Washington, November 29
The US and Afghan Taliban have resumed peace talks, President Donald Trump has revealed as he made his first visit to the war-torn country on an unannounced trip to meet American soldiers for the Thanksgiving holiday.
During the brief appearance at the Bagram Airfield, Trump served turkey to soldiers, posed for photographs and met Afghan President Ashraf Ghani.

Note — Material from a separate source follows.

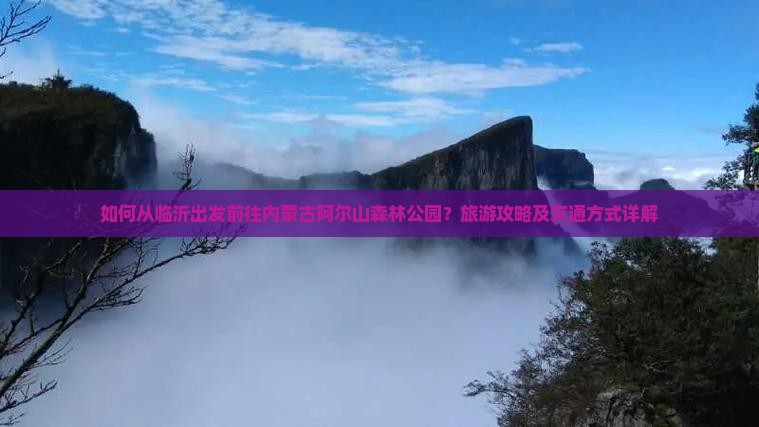 如何从临沂出发前往内蒙古阿尔山森林公园？旅游攻略及交通方式详解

After nine rounds of negotiations with the Taliban, President Trump abruptly cancelled peace talks in September after a US soldier was killed in a suicide attack in Afghanistan’s capital, Kabul.
The secretive visit to Afghanistan on Thursday for Thanksgiving came a week after a prisoner swap with the Taliban aimed at resuming peace negotiations to end the 18-year-long war.
As part of the swap deal, the Taliban freed two Western academics who had been held hostage since 2016 — American Kevin King and Australian Timothy Weeks — in exchange for three imprisoned senior militants.
“Yes,” Trump told a small group of reporters at the Bagram Air Field when asked to confirm whether the US had restarted discussions with the Taliban after calling the peace talks “dead”.
Trump said the terms of the deal would have to include a Taliban ceasefire.
“The Taliban wants to make a deal and we’re meeting with them and we’re saying it has to be a ceasefire and they didn’t want to do a ceasefire and now they do want to do a ceasefire. I believe it’ll probably work out that way,” he said.
Afghan officials have long demanded a ceasefire but the Taliban, who now control more territory than at any point since they were ousted in 2001, have refused to hold direct talks with the government until a US deal is agreed.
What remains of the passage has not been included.